Each clipped cloud was rated good (single stem at the centroid), satisfactory (multiple stems but one wraps the centroid), or poor (no stem at ground). Part two focused on good cases.
Part II: density on the plane and stem cores
The working assumption was that, after projection to XY, the main stem occupies the densest part of the point field (Figure 4). Points were tessellated with Voronoi polygons; cell densities were joined back to points in ArcGIS using C177 toolbox code. A global fifth-order polynomial interpolated density across the 2D footprint; classification breaks isolated high-density cores. To reduce edge artifacts, the raster was clipped by a minimum-hull alpha shape from AEGIS before polygonization; polygons went to CAD for filtering in I-Site Studio (Figure 5).
Results
The NNG alpha (−3.8) was much smaller than the minimum-hull alpha (−1.1), which helped capture stem bases without bridging every non-target gap. One hundred twenty polygons came from line-to-polygon conversion; after dissolve, ninety candidates remained. Buffering into surface clouds yielded seventeen good, fifty satisfactory, and twenty-three poor extractions (Figure 6). Part two was only run on a handful of trees under time pressure, but Voronoi-attributed densities clearly peaked on stems (Figure 7), and the polynomial mask removed much of the branch wood while retaining the yellow high-density stem corridor in Figure 8.
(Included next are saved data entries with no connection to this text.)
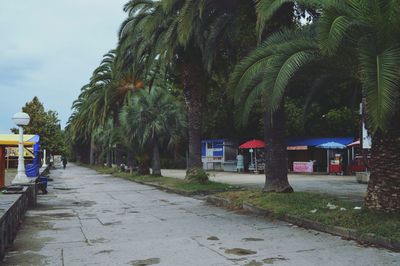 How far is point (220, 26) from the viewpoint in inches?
619

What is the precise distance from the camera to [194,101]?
22.1 m

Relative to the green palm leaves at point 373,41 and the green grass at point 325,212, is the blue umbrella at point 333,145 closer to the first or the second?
the green grass at point 325,212

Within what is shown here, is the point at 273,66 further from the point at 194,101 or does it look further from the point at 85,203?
the point at 194,101

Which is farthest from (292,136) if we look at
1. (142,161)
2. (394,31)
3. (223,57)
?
(394,31)

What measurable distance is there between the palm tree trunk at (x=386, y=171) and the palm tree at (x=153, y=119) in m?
19.5

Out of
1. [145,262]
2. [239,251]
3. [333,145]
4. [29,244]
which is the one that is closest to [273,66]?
[239,251]

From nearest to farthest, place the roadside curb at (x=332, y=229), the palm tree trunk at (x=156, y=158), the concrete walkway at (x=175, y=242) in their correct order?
the concrete walkway at (x=175, y=242) → the roadside curb at (x=332, y=229) → the palm tree trunk at (x=156, y=158)

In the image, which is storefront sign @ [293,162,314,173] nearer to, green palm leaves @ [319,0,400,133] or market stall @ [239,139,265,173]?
market stall @ [239,139,265,173]

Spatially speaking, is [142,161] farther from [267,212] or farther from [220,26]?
[267,212]

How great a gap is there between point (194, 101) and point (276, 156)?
8.06m

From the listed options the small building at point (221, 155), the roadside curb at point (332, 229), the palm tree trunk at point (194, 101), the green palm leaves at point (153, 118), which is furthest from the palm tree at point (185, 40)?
the small building at point (221, 155)

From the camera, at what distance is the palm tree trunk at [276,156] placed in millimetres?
14711

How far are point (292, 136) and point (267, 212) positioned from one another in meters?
28.1

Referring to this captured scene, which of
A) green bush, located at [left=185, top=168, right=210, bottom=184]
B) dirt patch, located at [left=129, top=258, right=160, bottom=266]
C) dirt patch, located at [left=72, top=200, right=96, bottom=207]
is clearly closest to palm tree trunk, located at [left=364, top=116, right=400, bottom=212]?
dirt patch, located at [left=129, top=258, right=160, bottom=266] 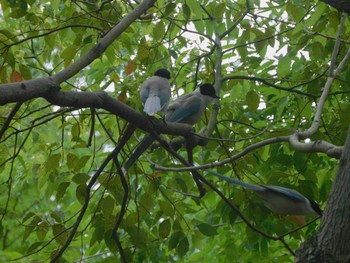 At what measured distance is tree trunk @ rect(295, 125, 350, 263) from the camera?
9.07ft

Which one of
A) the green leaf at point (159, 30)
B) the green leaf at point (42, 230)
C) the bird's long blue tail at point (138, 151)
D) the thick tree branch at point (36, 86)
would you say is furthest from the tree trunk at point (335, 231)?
the green leaf at point (159, 30)

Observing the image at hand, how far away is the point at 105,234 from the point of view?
187 inches

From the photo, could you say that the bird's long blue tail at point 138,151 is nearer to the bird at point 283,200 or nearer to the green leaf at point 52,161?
the bird at point 283,200

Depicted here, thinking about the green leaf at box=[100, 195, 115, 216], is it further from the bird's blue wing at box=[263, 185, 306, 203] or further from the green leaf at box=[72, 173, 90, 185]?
the bird's blue wing at box=[263, 185, 306, 203]

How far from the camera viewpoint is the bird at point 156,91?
496cm

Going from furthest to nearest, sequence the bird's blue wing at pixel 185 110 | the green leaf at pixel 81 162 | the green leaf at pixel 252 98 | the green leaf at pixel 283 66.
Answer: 1. the bird's blue wing at pixel 185 110
2. the green leaf at pixel 283 66
3. the green leaf at pixel 252 98
4. the green leaf at pixel 81 162

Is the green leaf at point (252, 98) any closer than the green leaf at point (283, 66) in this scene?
Yes

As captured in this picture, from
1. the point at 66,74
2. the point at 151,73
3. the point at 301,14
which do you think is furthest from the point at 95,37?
the point at 66,74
Stem maps and point-pattern analysis (proposal thread)
The spring proposal used a slightly different emphasis: treat the workflow as building a stem map from the ground cloud first—alpha hull nearest-neighbor graphs (NNG), polygons, centroids as estimates of stem position or pith at the base—then hand those centroid points to geostatistics. Conceptually it read left to right: registered TLS → ground surface → stem footprints → centroid map → pattern summary. Stage I was registration and format normalization (FARO SCENE, I-Site Studio, LAStools). Stage II was ground filtering, NNG export, polygon and centroid construction in ArcGIS. Stage III was point-pattern analysis.
The null hypothesis was that centroid locations are spatially random across the grove footprint. Using ArcGIS toolboxes and R packages already available in the course stack, the intent was to reject H0 only if the pattern was significantly clustered or uniform at α = 0.05. That question complements Part I/II segmentation: even when individual buffers misbehave, Figure 9 is still a sample of where the ground cloud believed trees lived, which is the point pattern you would summarize at stand scale.
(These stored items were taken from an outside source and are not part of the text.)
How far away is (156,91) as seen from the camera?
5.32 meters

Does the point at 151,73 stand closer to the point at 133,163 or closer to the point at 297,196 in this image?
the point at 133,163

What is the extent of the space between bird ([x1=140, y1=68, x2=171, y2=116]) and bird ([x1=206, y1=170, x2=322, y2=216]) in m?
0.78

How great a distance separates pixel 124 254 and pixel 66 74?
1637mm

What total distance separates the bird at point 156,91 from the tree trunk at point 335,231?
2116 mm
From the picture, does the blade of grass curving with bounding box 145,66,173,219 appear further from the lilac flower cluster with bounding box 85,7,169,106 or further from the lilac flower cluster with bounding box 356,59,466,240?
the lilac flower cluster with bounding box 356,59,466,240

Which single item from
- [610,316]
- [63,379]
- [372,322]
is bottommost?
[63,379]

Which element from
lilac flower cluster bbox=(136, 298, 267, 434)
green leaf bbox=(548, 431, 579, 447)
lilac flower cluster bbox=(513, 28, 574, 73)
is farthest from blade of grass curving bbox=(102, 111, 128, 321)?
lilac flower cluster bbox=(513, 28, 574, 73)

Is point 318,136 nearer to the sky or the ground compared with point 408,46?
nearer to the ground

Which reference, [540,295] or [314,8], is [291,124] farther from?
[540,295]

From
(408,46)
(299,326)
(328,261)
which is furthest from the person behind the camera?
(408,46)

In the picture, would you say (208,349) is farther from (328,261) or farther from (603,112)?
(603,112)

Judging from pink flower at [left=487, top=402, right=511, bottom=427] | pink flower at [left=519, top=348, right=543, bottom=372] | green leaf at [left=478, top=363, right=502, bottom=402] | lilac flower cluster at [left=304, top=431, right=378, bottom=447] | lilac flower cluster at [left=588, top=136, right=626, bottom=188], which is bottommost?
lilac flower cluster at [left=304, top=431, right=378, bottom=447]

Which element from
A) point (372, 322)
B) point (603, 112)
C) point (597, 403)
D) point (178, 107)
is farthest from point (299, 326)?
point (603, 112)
The written proposal included a conceptual diagram in the appendix tying the stages together; the quantitative segmentation narrative and figures in the sections above came from the later final submission.
Discussion and conclusions
The pipeline leans only on coordinates and densities already in a basic TLS deliverable, which keeps inputs simple and opens the door to scripting. Even partial automation on “satisfactory” cases could save manual classification time at stand scale. Buffer radii could be tuned: smaller where stems are tight and vertical, larger or elliptical where boles sweep.
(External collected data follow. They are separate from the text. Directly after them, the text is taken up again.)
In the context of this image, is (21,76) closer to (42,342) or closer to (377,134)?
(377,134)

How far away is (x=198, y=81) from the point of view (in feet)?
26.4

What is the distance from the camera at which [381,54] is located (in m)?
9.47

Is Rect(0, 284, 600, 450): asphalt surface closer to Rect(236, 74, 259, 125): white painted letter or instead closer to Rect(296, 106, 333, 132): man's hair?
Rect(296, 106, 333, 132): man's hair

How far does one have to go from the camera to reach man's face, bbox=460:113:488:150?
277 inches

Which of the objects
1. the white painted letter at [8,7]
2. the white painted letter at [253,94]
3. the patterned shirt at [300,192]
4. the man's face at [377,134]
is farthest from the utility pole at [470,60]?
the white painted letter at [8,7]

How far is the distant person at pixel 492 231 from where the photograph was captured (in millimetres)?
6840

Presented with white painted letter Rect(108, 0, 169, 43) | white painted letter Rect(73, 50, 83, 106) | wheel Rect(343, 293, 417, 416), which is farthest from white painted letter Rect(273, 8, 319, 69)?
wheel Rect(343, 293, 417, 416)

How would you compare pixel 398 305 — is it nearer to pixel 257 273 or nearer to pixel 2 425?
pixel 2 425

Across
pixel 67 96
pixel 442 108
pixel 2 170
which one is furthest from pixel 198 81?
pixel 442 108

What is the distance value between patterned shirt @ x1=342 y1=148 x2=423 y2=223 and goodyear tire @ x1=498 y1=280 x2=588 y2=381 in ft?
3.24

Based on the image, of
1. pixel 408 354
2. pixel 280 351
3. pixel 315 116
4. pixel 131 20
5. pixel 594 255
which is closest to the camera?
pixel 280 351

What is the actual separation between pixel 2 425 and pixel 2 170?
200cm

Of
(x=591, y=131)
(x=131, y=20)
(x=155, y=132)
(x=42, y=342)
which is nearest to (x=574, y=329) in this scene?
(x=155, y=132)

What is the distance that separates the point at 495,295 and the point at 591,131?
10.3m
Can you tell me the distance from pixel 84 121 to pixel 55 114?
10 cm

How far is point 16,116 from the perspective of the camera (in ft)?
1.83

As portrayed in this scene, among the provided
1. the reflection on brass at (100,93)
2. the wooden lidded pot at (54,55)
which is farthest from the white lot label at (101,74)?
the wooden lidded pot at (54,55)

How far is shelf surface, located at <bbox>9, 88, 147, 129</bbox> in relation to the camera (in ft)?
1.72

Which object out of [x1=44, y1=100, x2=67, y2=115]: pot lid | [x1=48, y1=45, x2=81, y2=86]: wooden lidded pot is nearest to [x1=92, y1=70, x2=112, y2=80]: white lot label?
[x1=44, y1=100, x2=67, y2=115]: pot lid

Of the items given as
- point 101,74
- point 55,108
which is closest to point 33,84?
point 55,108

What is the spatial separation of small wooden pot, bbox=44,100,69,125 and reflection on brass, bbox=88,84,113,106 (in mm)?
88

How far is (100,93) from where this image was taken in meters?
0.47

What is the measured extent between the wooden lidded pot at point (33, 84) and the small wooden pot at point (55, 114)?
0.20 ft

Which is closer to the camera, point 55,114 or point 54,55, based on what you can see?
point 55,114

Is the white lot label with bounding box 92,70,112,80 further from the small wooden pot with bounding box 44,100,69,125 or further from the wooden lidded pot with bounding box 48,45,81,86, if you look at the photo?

Poor extractions clustered on the study-area edge (Figure 9), which suggests residual gaps in the ground cloud where off-plot trees were removed from the surface product but the ground hole remained. Checking original scans for deleted neighbors would test that explanation.
TLS workflows almost always need subsetting. The practical rhythm is subset for exploration, isolate features, then selectively merge points back when extra resolution is worth the cost. Segmentation is what makes massive clouds legible when projects scale beyond a single grove. Most of the intellectual work was never a single clever step but the sequencing: defensible ground filtering for TLS, thinning that respects oversampling, then geometry that respects how stems break the ground surface before density tricks on the plane.